2.3 Usage Recommendations

We recommend adhering to the following configurations when utilizing the DeepSeek-R1 series models, including benchmarking, to achieve the expected performance:

Set the temperature within the range of 0.5-0.7 (0.6 is recommended) to prevent endless repetitions or incoherent outputs.
Avoid adding a system prompt; all instructions should be contained within the user prompt.
For mathematical problems, it is advisable to include a directive in your prompt such as: 'Please reason step by step, and put your final answer within boxed.'
When evaluating model performance, it is recommended to conduct multiple tests and average the results.

Additionally, we have observed that the DeepSeek-R1 series models tend to bypass thinking pattern (i.e., outputting <think></think>) when responding to certain queries, which can adversely affect the model's performance.To ensure that the model engages in thorough reasoning, we recommend enforcing the model to initiate its response with <think></think> at the beginning of every output.

3. DeepSeek-V3-0324 Deployment

DeepSeek-V3-0324 uses the same base model as the previous DeepSeek-V3, with only improvements in post-training methods. For private deployment, you only need to update the checkpoint and tokenizer_config.json (tool calls related changes).
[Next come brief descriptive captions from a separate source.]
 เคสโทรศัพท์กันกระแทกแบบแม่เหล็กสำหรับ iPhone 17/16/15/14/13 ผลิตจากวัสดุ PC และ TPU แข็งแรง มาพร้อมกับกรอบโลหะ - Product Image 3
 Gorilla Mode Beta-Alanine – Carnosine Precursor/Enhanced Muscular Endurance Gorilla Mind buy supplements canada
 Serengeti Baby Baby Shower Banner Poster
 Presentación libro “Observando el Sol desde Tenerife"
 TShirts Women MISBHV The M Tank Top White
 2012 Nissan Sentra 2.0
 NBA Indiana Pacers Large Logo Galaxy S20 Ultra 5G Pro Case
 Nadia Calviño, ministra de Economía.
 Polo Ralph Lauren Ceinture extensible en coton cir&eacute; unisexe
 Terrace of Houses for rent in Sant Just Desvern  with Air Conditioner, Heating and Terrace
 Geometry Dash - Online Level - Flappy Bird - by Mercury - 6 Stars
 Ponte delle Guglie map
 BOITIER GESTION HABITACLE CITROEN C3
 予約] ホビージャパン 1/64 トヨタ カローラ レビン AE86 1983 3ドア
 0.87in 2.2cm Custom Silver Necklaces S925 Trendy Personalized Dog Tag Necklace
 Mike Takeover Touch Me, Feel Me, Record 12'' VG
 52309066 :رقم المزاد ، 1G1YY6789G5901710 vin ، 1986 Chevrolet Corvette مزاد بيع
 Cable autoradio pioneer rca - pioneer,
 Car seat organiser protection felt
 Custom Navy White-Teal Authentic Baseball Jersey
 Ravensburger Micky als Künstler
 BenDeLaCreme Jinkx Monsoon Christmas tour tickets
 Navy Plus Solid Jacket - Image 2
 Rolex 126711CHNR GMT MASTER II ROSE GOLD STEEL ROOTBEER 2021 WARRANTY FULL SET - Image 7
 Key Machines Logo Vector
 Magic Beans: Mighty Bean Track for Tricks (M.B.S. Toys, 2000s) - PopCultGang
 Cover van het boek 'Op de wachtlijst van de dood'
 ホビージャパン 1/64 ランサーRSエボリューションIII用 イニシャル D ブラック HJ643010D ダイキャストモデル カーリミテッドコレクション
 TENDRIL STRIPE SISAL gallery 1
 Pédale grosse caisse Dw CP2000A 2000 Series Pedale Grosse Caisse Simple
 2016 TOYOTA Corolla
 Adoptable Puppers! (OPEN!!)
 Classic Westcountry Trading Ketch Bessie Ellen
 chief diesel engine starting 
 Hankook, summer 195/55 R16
The deployment options and frameworks for DeepSeek-V3-0324 are identical to those for DeepSeek-V3 described in section 1. All the same toolkits (SGLang, LMDeploy, TensorRT-LLM, vLLM) support DeepSeek-V3-0324 with the same configuration options.

License Information

Information about the licenses under which DeepSeek models are released

DeepSeek-V3-0324

MIT License

Consistent with DeepSeek-R1, our open-source repository (including model weights) uniformly adopts the MIT License, and allows users to leverage model outputs and distillation methods to train other models.

View License

DeepSeek-V3

MIT License

This code repository is licensed under the MIT License. The use of DeepSeek-V3 Base/Chat models is subject to the Model License. DeepSeek-V3 series (including Base and Chat) supports commercial use.

View License

DeepSeek-R1

MIT License

This code repository and the model weights are licensed under the MIT License. DeepSeek-R1 series support commercial use, allow for any modifications and derivative works, including, but not limited to, distillation for training other LLMs. Please note that models like DeepSeek-R1-Distill-Qwen and DeepSeek-R1-Distill-Llama are derived from their respective base models with their original licenses.

View License

Disclaimer

DeepSeek models are provided "as is" without any express or implied warranties. Users should use the models at their own risk and ensure compliance with relevant laws and regulations. DeepSeek is not liable for any damages resulting from the use of these models.